A preliminary injunction blocking the state from cutting off Medicaid payments for Planned Parenthood services obtained by three women who are challenging the cutoff in a lawsuit shouldn't be applied to anyone else, the Arkansas attorney general's office argued Monday.
The state attorneys argued that there is no proof that a class represented by the three women would be "irreparably harmed" by waiting for a resolution of the suit. They also argued that the court lacks jurisdiction to expand the injunction while it is on appeal to the 8th U.S. Circuit Court of Appeals in St. Louis.
U.S. District Judge Kristine Baker of Little Rock on Oct. 2 granted the three anonymous women a preliminary injunction that prevents their Medicaid funds for Planned Parenthood services from being discontinued until their lawsuit is decided.

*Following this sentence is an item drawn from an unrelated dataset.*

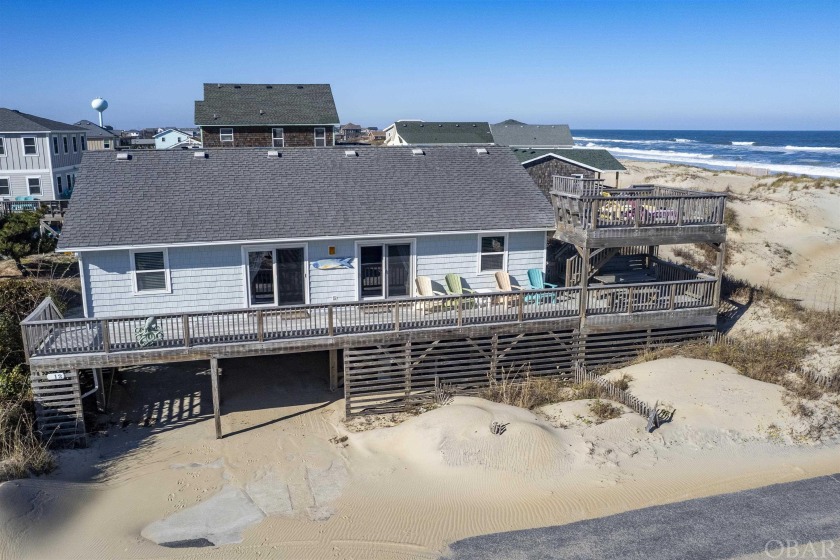 Whether you're seeking a permanent residence, a vacation getaway - Beach Home for sale in Nags Head, North Carolina on Beachhouse.com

Then on Jan. 25, Baker granted class-action status to the lawsuit, allowing the women to represent a class of perhaps thousands of Medicaid recipients in Arkansas who use Planned Parenthood services.

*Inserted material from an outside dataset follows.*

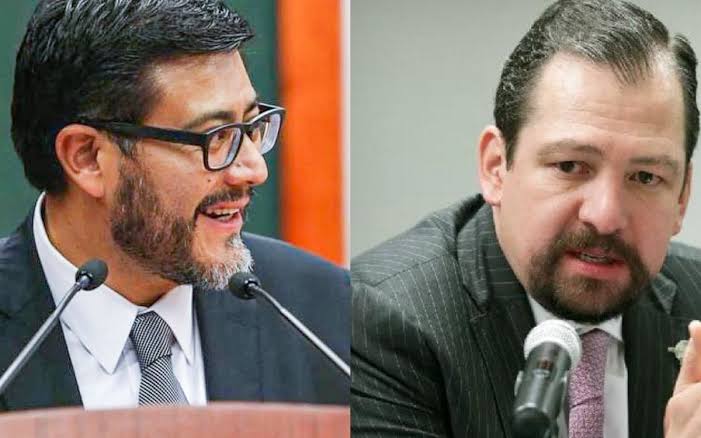 Tribunal Electoral atraviesa crisis sin precedentes con dos presidentes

The women and Planned Parenthood of the Heartland, which operates clinics in Little Rock and Fayetteville, want Baker to include in the injunction all other Medicaid recipients in Arkansas who use the clinics' services.
Arkansas Solicitor General Lee Rudofsky and David Sterling, chief counsel for the Arkansas Department of Human Services, said in a response filed Monday that the plaintiffs months ago cited several problems that would arise without a blanket injunction, yet those "nearly insurmountable obstacles" haven't materialized. They noted that the plaintiffs bear the legal burden of proving they face irreparable harm without a blanket injunction.
Among the obstacles the plaintiffs cited in late September and early October were that Medicaid patients would lose access to family planning and other health services offered by Planned Parenthood, that they would lose access to timely services offered by other providers, and that some Medicaid patients would be forced to continue receiving Planned Parenthood services at substantially higher costs. The plaintiffs also said the clinics in Little Rock and Fayetteville would be forced to turn away hundreds of Medicaid patients, the state attorneys reminded the court.
"The Court relied heavily on those statements ... in concluding that it should grant the extraordinary relief of a preliminary injunction," the state attorneys argued. "Since that time, for the last six months, DHS has only been required to reimburse Planned Parenthood for Medicaid services provided to those three patients; DHS has not been required to make (and has not made) such reimbursements to Planned Parenthood for any other Medicaid patients."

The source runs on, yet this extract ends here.